Simply put, Blue Valentine is not an easy movie to watch. The film is a laborious display of a marriage from inception to downfall, and feels painfully realistic. Director Derek Cianfrance does the task of showing matrimony in the least synthetic and sentimental way possible, aided by the film’s doomed couple, played by Ryan Gosling and Michelle Williams.
The film succeeds mainly because of its raw performances. If any pair of actors in a 2010 film has chemistry, it has to be Gosling and Williams. Gosling is Dean, an irresponsible but loving husband who constantly uses desperate methods to try to repair his marriage, while Williams is Cindy, a tired wife who knows that she is falling out of love with her spouse. Not only does each actor give an independently tremendous performance, the raw honesty brought to screen fizzles like baking soda and vinegar. When the doomed pair falls in love, you believe it; when things go downhill for them, you feel it with them. Neither puts a single toe out of step with his/her character’s personality, bringing about two of the most dedicated acting turns of the past few years.
Realistic dialogue contributes to the movie’s power. Most of the conversations between characters feel improvised, with an emphasis on naturalism that elicits believable emotions. Despite having a slight “indie” vibe, the film is never tacky, and rarely resorts to quirk. Additionally, its structure is well edited; flashbacks are appropriately timed to correspond with current situations. The usage of cutting directly from abysmal marriage problems to happy courtship flashbacks makes the couple’s falling out profound and heart-wrenching.
Cianfrance does not chicken out by setting his film in a mainstream mold; rather, he uses totally depressing scenarios in service of tasteful cinema.
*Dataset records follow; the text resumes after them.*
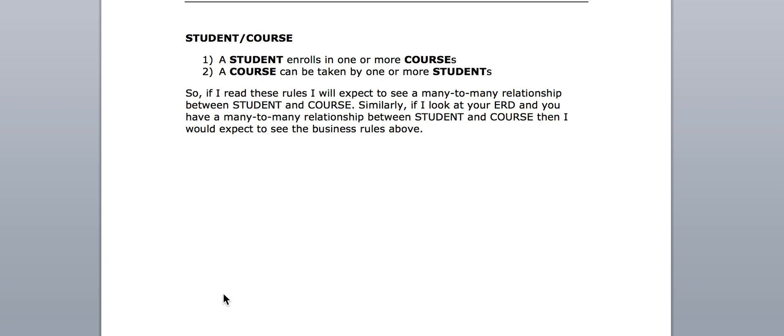In the real world, all stakeholders involved in a database design have to agree on that relationship. Is it true from everybody's perspective that a student can be related to more than one course and a course can be related to more than one student? If everybody agrees, they can understand it whether looking at the ER diagram or the business rules. Now, we know from the textbook that many-to-many relationships cannot actually be physically implemented in a relational database. It is a true relationship, and we should never modify it just to avoid a many-to-many.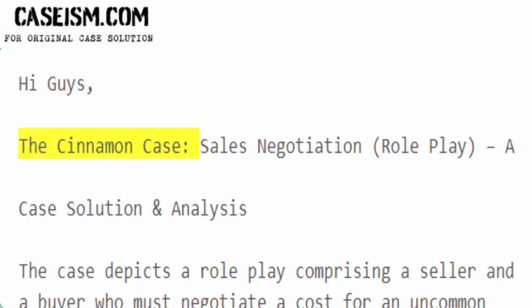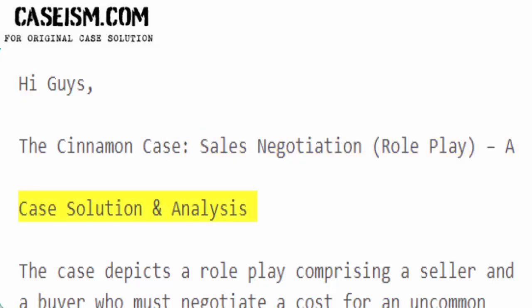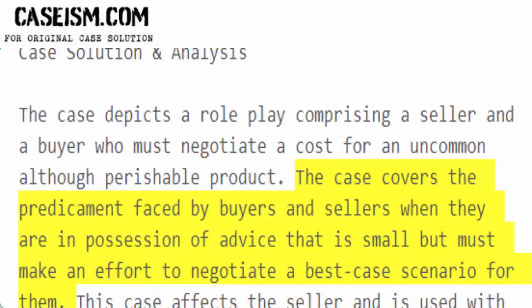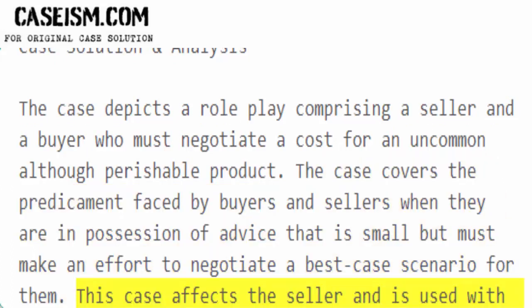The Cinnamon Case is a sales negotiation role play — a case solution and analysis. The case depicts a role play comprising a seller and a buyer who must negotiate a cost for an uncommon, although perishable, product. It covers the predicament faced by buyers and sellers when they are in possession of limited advice, and must make an effort to negotiate a best case scenario. This case focuses on the seller and is used with the Cinnamon Case sales discussion role play.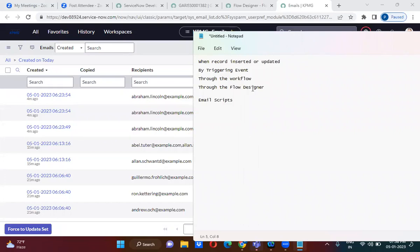Flow Designer is actually a very powerful feature. It can be used as a business rule, as a scheduled job, as a workflow, as an inbound action, and as a transform map. So it is actually a one-stop shop for everything — that is why it is powerful.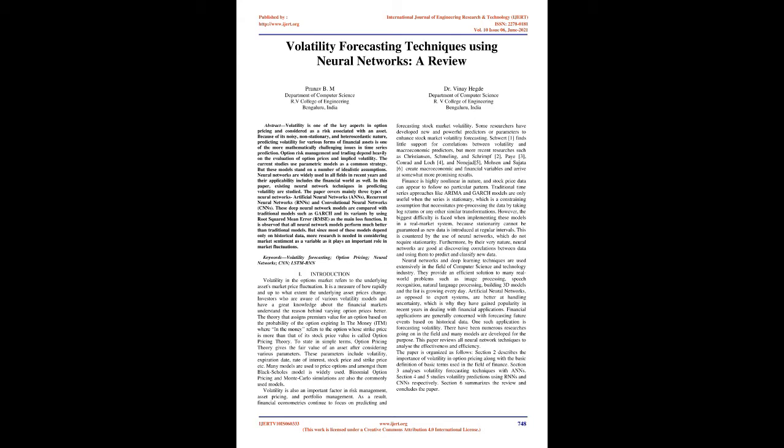These parameters include volatility, expiration date, rate of interest, stock price, and strike price. Many models are used to price options, and amongst them the Black-Scholes model is widely used. Binomial option pricing and Monte Carlo simulations are also commonly used models.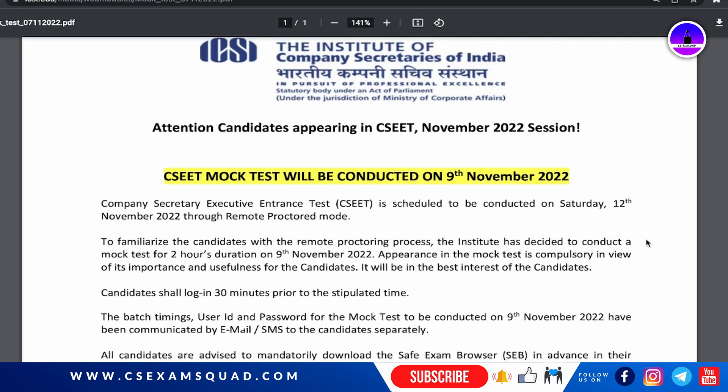Make sure the software is installed properly. The mock test dates are the 9th of November, and there may also be a second mock test on the 10th of November for those who are not able to give it on the 9th, though the 9th is the primary date.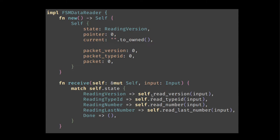Then there's the receive function. And this time depending on the state, we dispatch to different handlers. So if we're currently reading the version, we dispatch to read version handler and so on and so forth. Here the dispatch doesn't depend on the input. It was kind of reverse from the turnstile.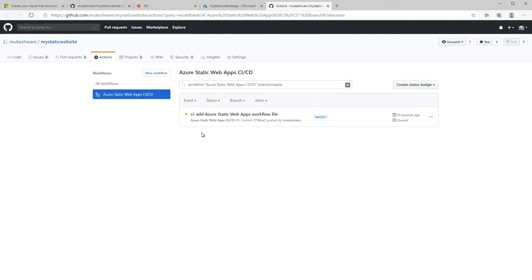As you'll see here, it found some changes and it's queued them up for deployment. This will take about a few minutes for everything to set up. What I'll show you next is we'll make a slight modification to our website, commit that change back into GitHub and see it reflected on our web app automatically. Give this a few minutes, and this yellow dot right here should turn into a check mark. Once that's there, I'll come back.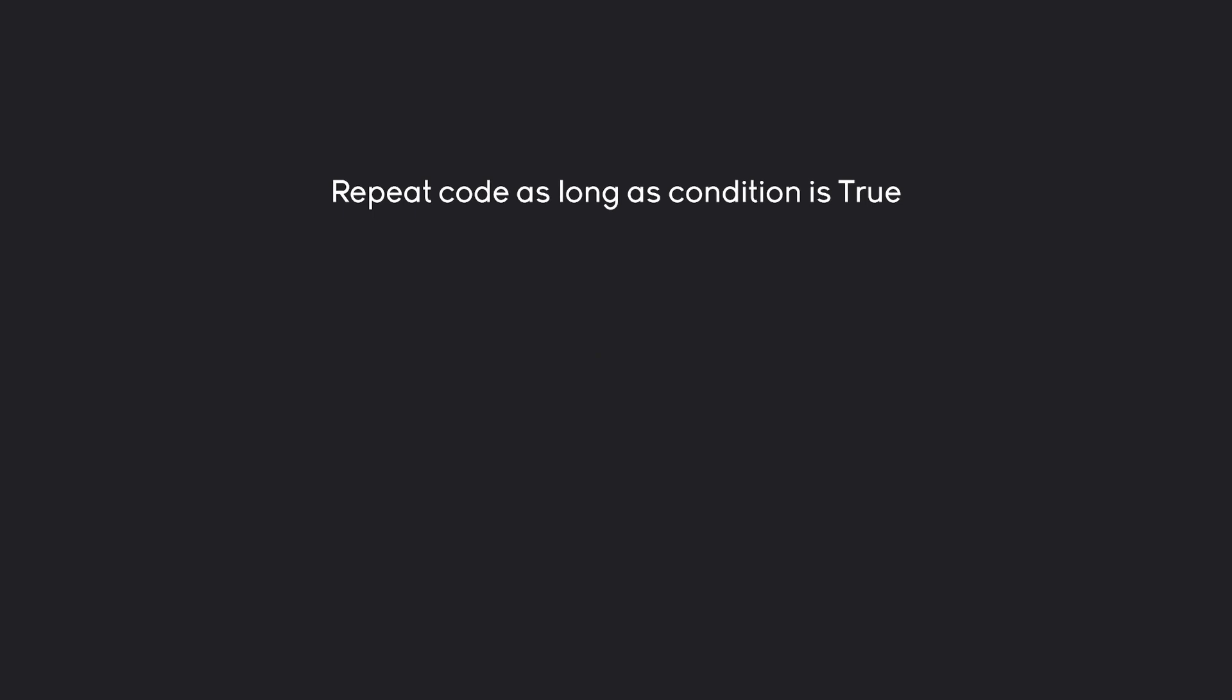A really important concept in Python is the while loop, and this one is actually quite simple. All it does is repeat some code as long as the condition is true. For example, this could look like while True, I want to print 'infinite loop'. This infinite loop here would run forever unless we manually break the code.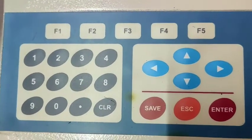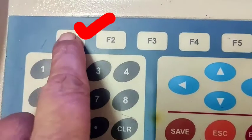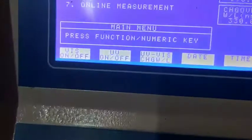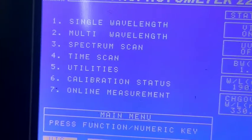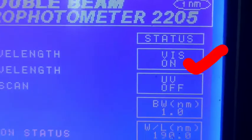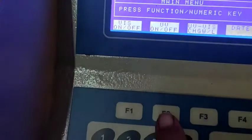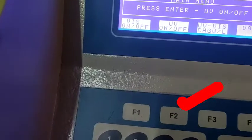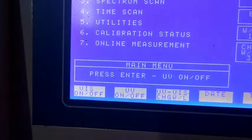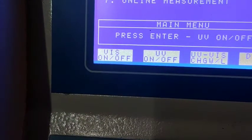There are numeric keys and on the right side you can see right, left, top, down, save, escape, and enter keys. If you press F1, it corresponds to the visible lamp — you can see the visible lamp on status is showing 'visible lamp on.' If you press F2, it takes time to get started because F2 corresponds to UV on/off.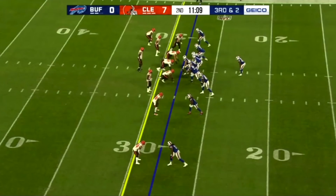All right guys, I want to do a quick breakdown on one of my favorite throws from Josh Allen from the matchup against the Browns. Ball is on the right hash, it's third and two, 11:09 on the clock in the second quarter.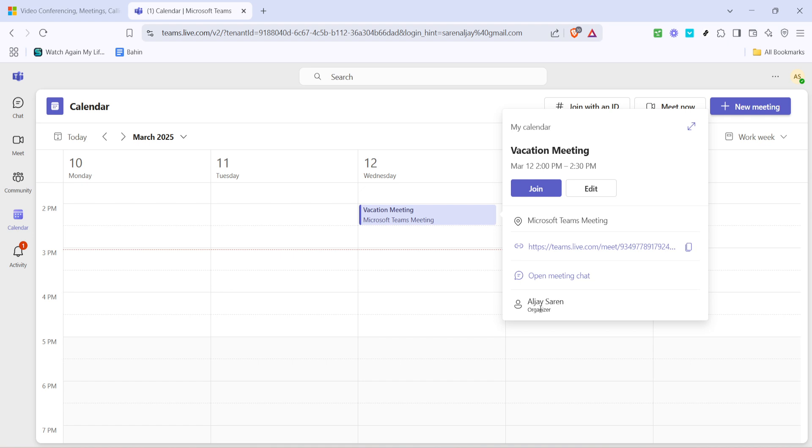You can paste it wherever you need to, whether it's in an email, a chat message, or even in a calendar invite using another platform. Just right click and hit paste, or use the keyboard shortcut Control+V on a PC, or Command+V on a Mac, to drop the link directly into your message.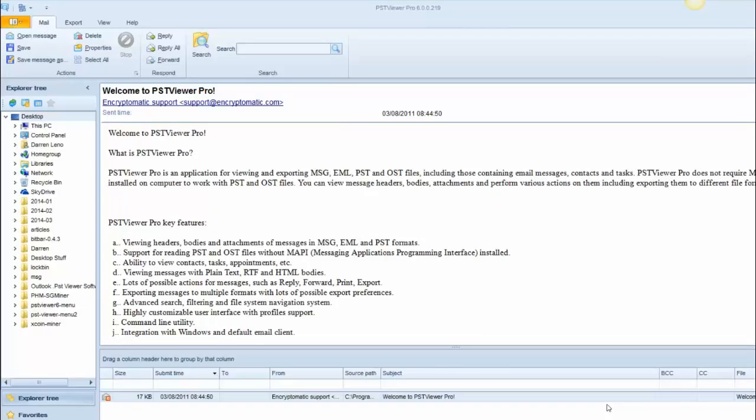PST Viewer Pro gives you a lot of flexibility in converting email messages to different formats, such as PDF files. During the email export operation, the default setting is to give the exported file the same name as the email subject.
The movie might as well be titled Black Valentine, as its somber tone may leave viewers cold inside. Nevertheless, the director still manages to make his project a delicate cautionary tale, rather than an exercise in cruelty. This is not torture porn; it is high art.
The only fault to bestow upon this extremely well-crafted movie is that it runs too long. There are several scenes near the end which are (done purposely or not) false endings. Because the story’s outcome is so bleakly obvious, less exposition and closure may have suited the film better. Nevertheless, perhaps the additional run-time is fitting for a picture as emotionally draining as this. Deep down, I would like to believe that Cianfrance was trying to make the audience experience the same tedium his characters feel. The film’s final shot is artfully melancholic, allowing the ending to be beautiful and sad, rather than just weakly fizzling out.
Blue Valentine is a film that most will probably respect more than they enjoy. Derek Cianfrance presents a bold, uncompromising vision of a dying relationship, brought to life by two wonderful performances. It is beautifully acted, directed and edited, and manages to be extremely watchable, despite pulling no punches. Certain scenes will reach into your chest and tear your heart out, an indication of a wholly effective drama.